WHAT THE TASK ASKS: What is needed is the exact text of each line in the listing below from the one with "Rellay-Haus Kaprun 580x600 35m² NÖ" up to and including the one with "- Black Suede", and no pictures.

SOURCE DATA:
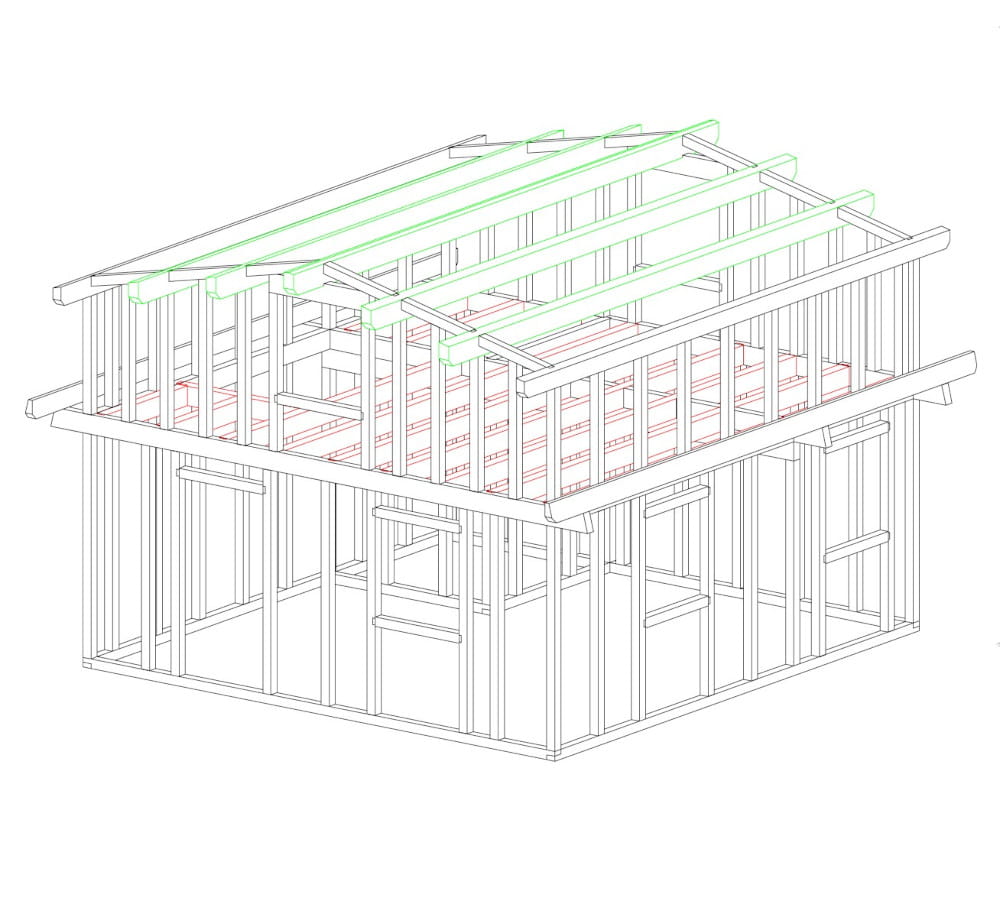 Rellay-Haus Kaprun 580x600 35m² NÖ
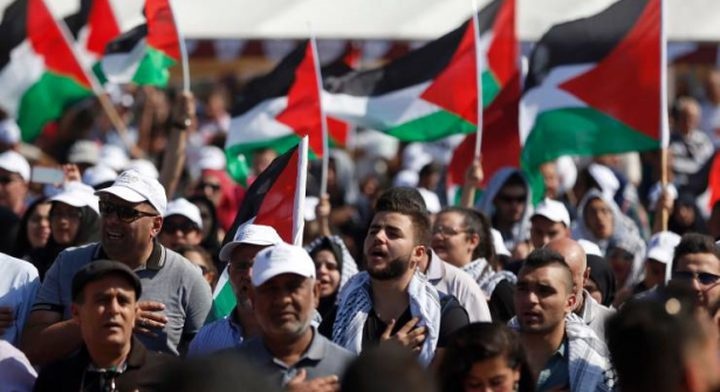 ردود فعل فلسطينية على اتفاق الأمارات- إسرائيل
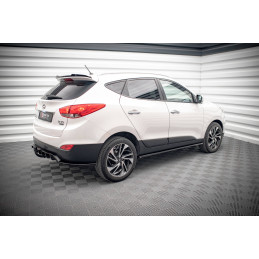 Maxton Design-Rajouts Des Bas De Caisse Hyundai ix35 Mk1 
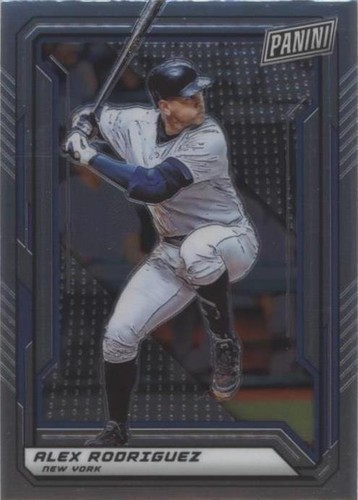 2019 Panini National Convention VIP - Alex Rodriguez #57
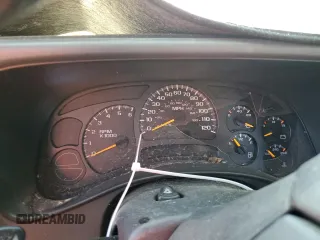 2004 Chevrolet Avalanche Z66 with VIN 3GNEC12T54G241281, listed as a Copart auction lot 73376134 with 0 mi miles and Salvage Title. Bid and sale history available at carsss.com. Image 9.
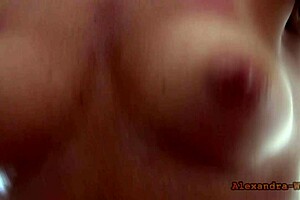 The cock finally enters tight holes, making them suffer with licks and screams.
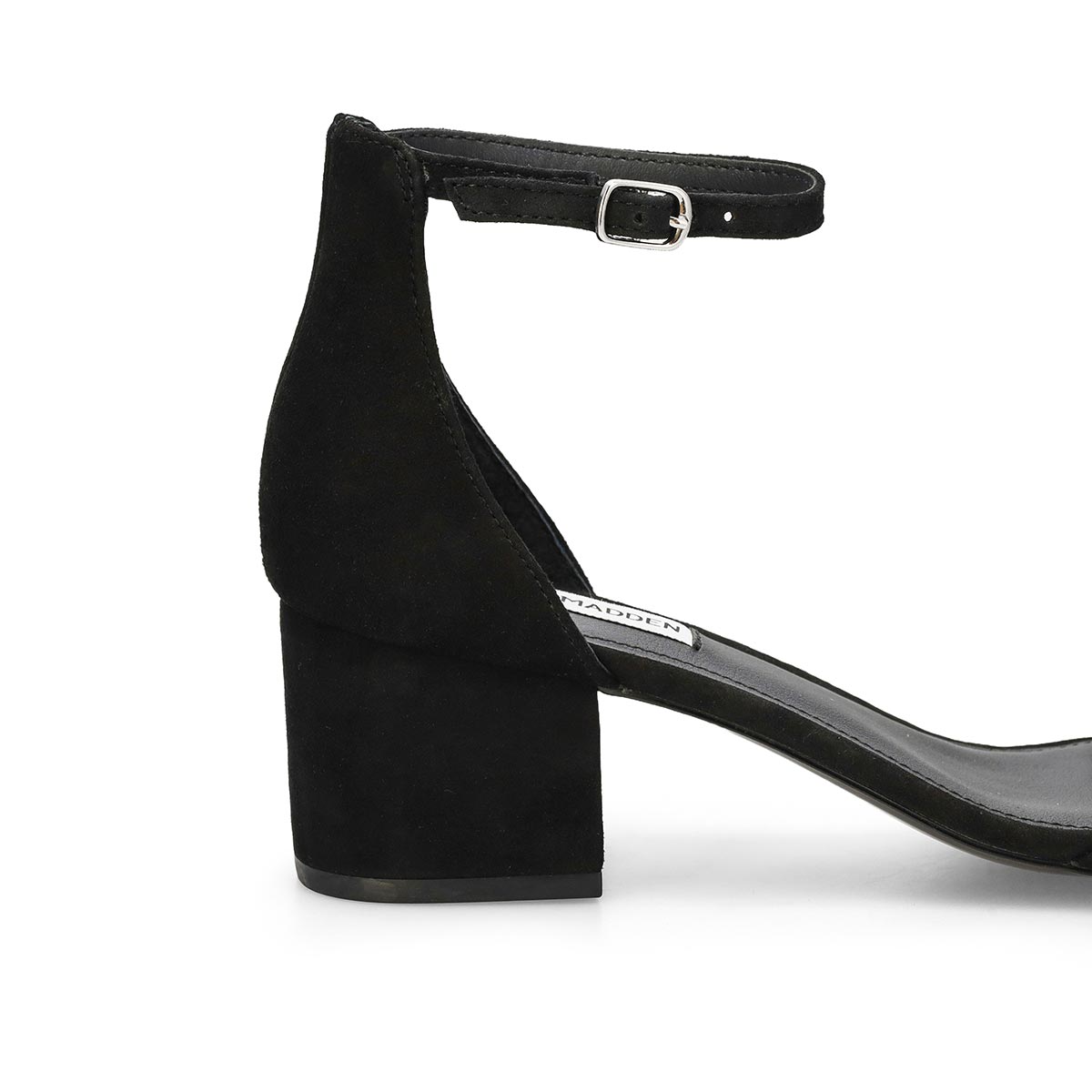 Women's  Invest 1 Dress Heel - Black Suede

* * *

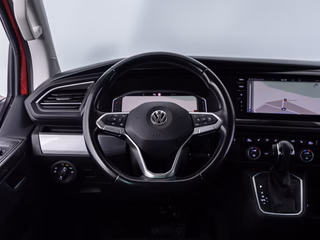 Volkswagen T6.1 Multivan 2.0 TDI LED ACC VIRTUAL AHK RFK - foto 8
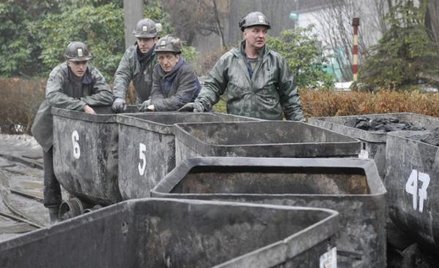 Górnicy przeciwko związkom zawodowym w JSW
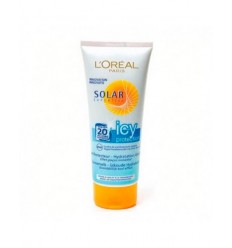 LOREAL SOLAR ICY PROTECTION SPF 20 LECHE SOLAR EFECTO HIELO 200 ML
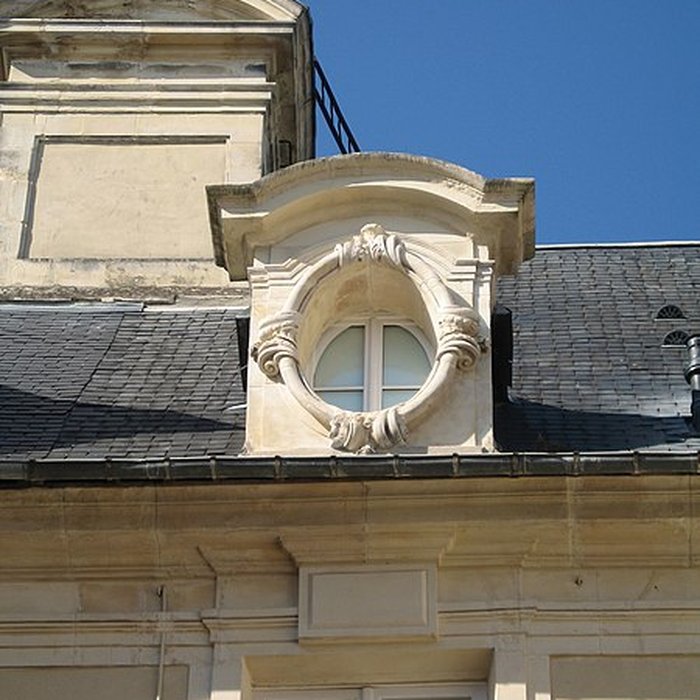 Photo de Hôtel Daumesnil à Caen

PROBLEM SOLUTION:
 Rellay-Haus Kaprun 580x600 35m² NÖ
 ردود فعل فلسطينية على اتفاق الأمارات- إسرائيل
 Maxton Design-Rajouts Des Bas De Caisse Hyundai ix35 Mk1 
 2019 Panini National Convention VIP - Alex Rodriguez #57
 2004 Chevrolet Avalanche Z66 with VIN 3GNEC12T54G241281, listed as a Copart auction lot 73376134 with 0 mi miles and Salvage Title. Bid and sale history available at carsss.com. Image 9.
 The cock finally enters tight holes, making them suffer with licks and screams.
 Women's  Invest 1 Dress Heel - Black Suede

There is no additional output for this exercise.